Powered by a heavily updated engine, Cinebench 2026 is designed to reflect modern rendering workloads more accurately—while dramatically increasing the strain on multi-core processors and GPUs.

New Redshift Engine Delivers Far Heavier Workloads


Cinebench 2026 now uses the latest version of Maxon’s Redshift rendering engine, which the company says is up to six times more demanding in multi-threaded tests compared to the previous release.

This overhaul is meant to better mirror real-world 3D rendering workloads, improving correlation between benchmark scores and actual production performance. As a result, scores from Cinebench 2026 cannot be compared to older Cinebench versions, as the underlying workload has fundamentally changed.

New SMT Core Test Reveals True CPU Threading Performance


One of the most notable additions in Cinebench 2026 is a dedicated SMT (Simultaneous Multithreading) core test.

This test runs a single-core workload specifically on an SMT-enabled core, allowing users to measure how effective a processor’s SMT implementation is compared to pure single-thread execution. For reviewers, overclockers, and CPU testers, this adds an entirely new layer of insight into modern processor behavior.

Expanded Hardware Support — But Intel GPUs Still Missing


Cinebench 2026 expands hardware compatibility significantly:

Supported GPUs include:

Latest AMD Radeon consumer GPUs

Latest NVIDIA GeForce GPUs

NVIDIA Ampere Altra, Hopper, and Blackwell datacenter GPUs

AMD Radeon Pro workstation GPUs

However, Intel graphics cards remain unsupported, as Redshift still does not support Intel’s GPU architecture.

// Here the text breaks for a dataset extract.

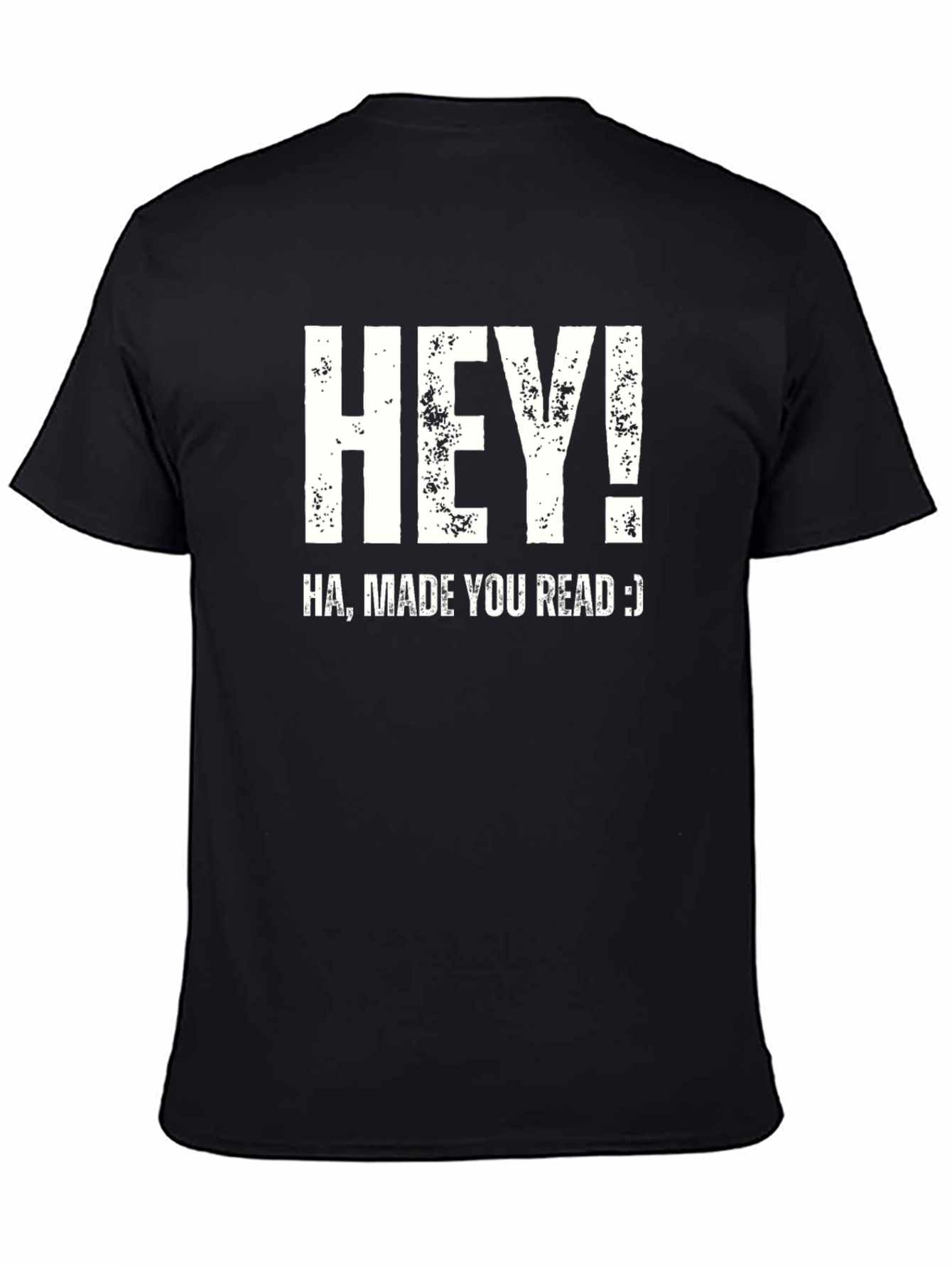 Hey! Made You Read T-Shirt Funny Joke Novelty Top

Apple Silicon and Windows on Arm Support Continues


On the Apple side, M4 and M5 chips are now fully supported, as expected. Since Apple’s GPUs rely on unified memory, Maxon recommends:

16GB RAM minimum for GPU testing

8GB–12GB RAM may work for CPU-only testing, though performance could be limited

Cinebench 2026 also continues to offer a native Windows on Arm version, with support for NVIDIA Ampere Altra CPUs, reinforcing Maxon’s growing commitment to Arm platforms.

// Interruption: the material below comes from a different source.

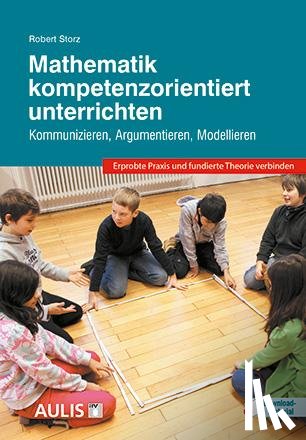 Storz, Robert - Mathematik kompetenzorientiert unterrichten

Higher VRAM Requirements for GPU Benchmarks


The increased workload comes with stricter requirements:

Minimum 8GB VRAM required for GPU testing

Apple Silicon systems require 16GB unified memory for GPU benchmarks

These higher thresholds reflect the growing demands of modern rendering engines and ensure more consistent test results.

Where to Download Cinebench 2026


Cinebench 2026 is available now directly from Maxon’s official website. Supported operating systems include:

Windows 10

Windows 11

macOS 14.7 or newer

Final Thoughts: Cinebench Just Got Serious Again


With Cinebench 2026, Maxon has delivered one of the most aggressive and realistic benchmarking tools to date. Between the new Redshift engine, SMT core testing, and expanded hardware support, this release is clearly aimed at modern high-performance systems—and ready to expose weak cooling, poor scaling, or inefficient architectures.

If you like pushing your hardware to its limits, Cinebench 2026 is ready to hurt it.